**** Information supplied
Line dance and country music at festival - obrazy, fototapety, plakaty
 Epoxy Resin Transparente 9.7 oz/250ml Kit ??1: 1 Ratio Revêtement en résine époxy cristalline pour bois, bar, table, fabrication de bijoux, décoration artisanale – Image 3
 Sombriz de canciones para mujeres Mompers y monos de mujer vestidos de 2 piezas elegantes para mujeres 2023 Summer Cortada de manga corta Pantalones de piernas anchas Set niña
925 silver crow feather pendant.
********
**Work request**
Word for word, transcribe the complete listing.

**Written response**
Line dance and country music at festival - obrazy, fototapety, plakaty
 Epoxy Resin Transparente 9.7 oz/250ml Kit ??1: 1 Ratio Revêtement en résine époxy cristalline pour bois, bar, table, fabrication de bijoux, décoration artisanale – Image 3
 Sombriz de canciones para mujeres Mompers y monos de mujer vestidos de 2 piezas elegantes para mujeres 2023 Summer Cortada de manga corta Pantalones de piernas anchas Set niña
925 silver crow feather pendant.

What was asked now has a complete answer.